This looks plausible to me based on my interactions with ticks, but it
would be good to have someone who understands that code better than I
do to look it over.

							Thanx, Paul

> > Thanks,
> > Nick
> > 
> > ---
> > diff --git a/kernel/time/tick-sched.c b/kernel/time/tick-sched.c
> > index 2d76c91b85de..7e13a55b6b71 100644
> > --- a/kernel/time/tick-sched.c
> > +++ b/kernel/time/tick-sched.c
> > @@ -1364,9 +1364,11 @@ static void tick_nohz_handler(struct clock_event_device *dev)
> >  	tick_sched_do_timer(ts, now);
> >  	tick_sched_handle(ts, regs);
> >  
> > -	/* No need to reprogram if we are running tickless  */
> > -	if (unlikely(ts->tick_stopped))
> > +	if (unlikely(ts->tick_stopped)) {
> > +		/* If we are tickless, change the clock event to stopped */
> > +		tick_program_event(KTIME_MAX, 1);
> >  		return;
> > +	}
> >  
> >  	hrtimer_forward(&ts->sched_timer, now, TICK_NSEC);
> >  	tick_program_event(hrtimer_get_expires(&ts->sched_timer), 1);
> >
Thomas Gleixner April 22, 2022, 3:53 p.m. UTC | #3
On Wed, Apr 13 2022 at 15:11, Nicholas Piggin wrote:
> So we traced the problem down to possibly a misunderstanding between 
> decrementer clock event device and core code.
>
> The decrementer is only oneshot*ish*. It actually needs to either be 
> reprogrammed or shut down otherwise it just continues to cause 
> interrupts.

I always thought that PPC had sane timers. That's really disillusioning.
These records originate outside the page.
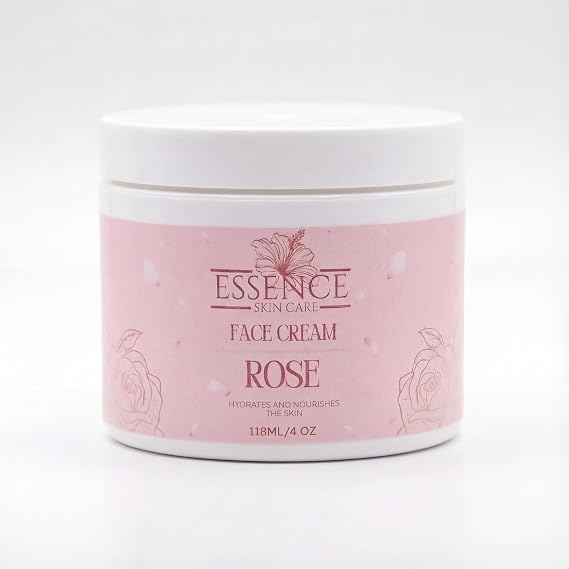 Essence Skin Care Rose Face Cream, Deeply Hydrating, Nourishing Moisturizer with Rose Water, Aloe Vera, Sweet Almond Oil, Shea Butter, Hyaluronic Acid, Hibiscus Extract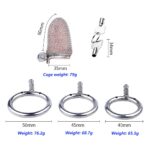 Short Metal Mesh Chain Cock Cage All Accessories Size Display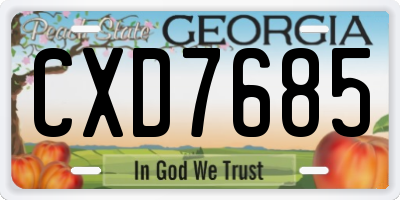 GA license plate CXD7685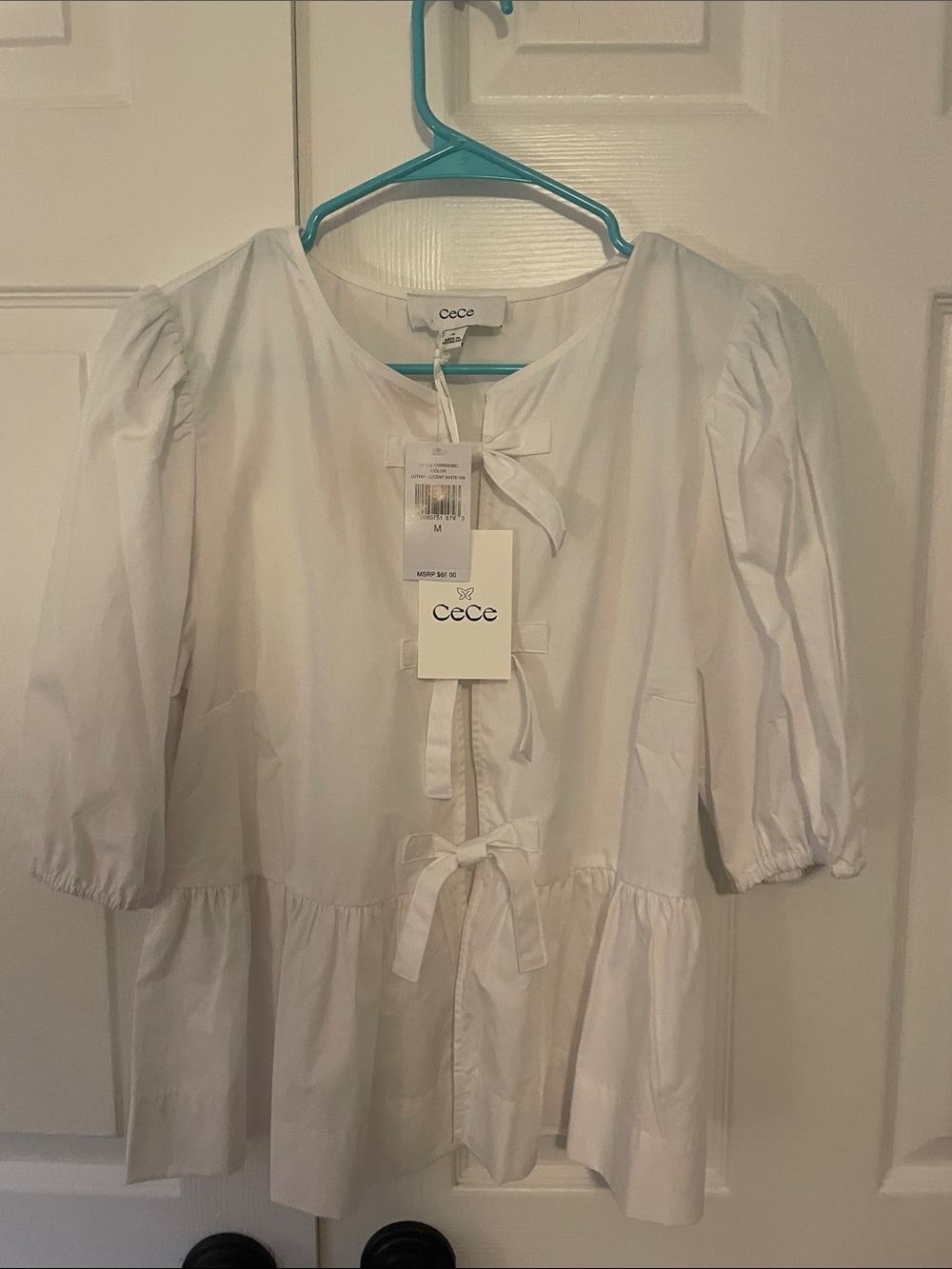 CeCe White Tie-Front Peplum Blouse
> Before commit 35de589cb879, it was sort of two-shot. The initial 
> interrupt at the programmed time would set its internal next_tb variable 
> to ~0 and call the ->event_handler(). If that did not set_next_event or 
> stop the timer, the interrupt will fire again immediately, notice 
> next_tb is ~0, and only then stop the decrementer interrupt.
>
> So that was already kind of ugly, this patch just turned it into a hang.
>
> The problem happens when the tick is stopped with an event still 
> pending, then tick_nohz_handler() is called, but it bails out because 
> tick_stopped == 1 so the device never gets programmed again, and so it 
> keeps firing.
>
> How to fix it? Before commit a7cba02deced, powerpc's decrementer was 
> really oneshot, but we would like to avoid doing that because it requires 
> additional programming of the hardware on each timer interrupt. We have 
> the ONESHOT_STOPPED state which seems to be just about what we want.
>
> Did the ONESHOT_STOPPED patch just miss this case, or is there a reason 
> we don't stop it here? This patch seems to fix the hang (not heavily
> tested though).

This was definitely overlooked, but it's arguable it is is not required
for real oneshot clockevent devices. This should only handle the case
where the interrupt was already pending.

The ONESHOT_STOPPED state was introduced to handle the case where the
last timer gets canceled, so the already programmed event does not fire.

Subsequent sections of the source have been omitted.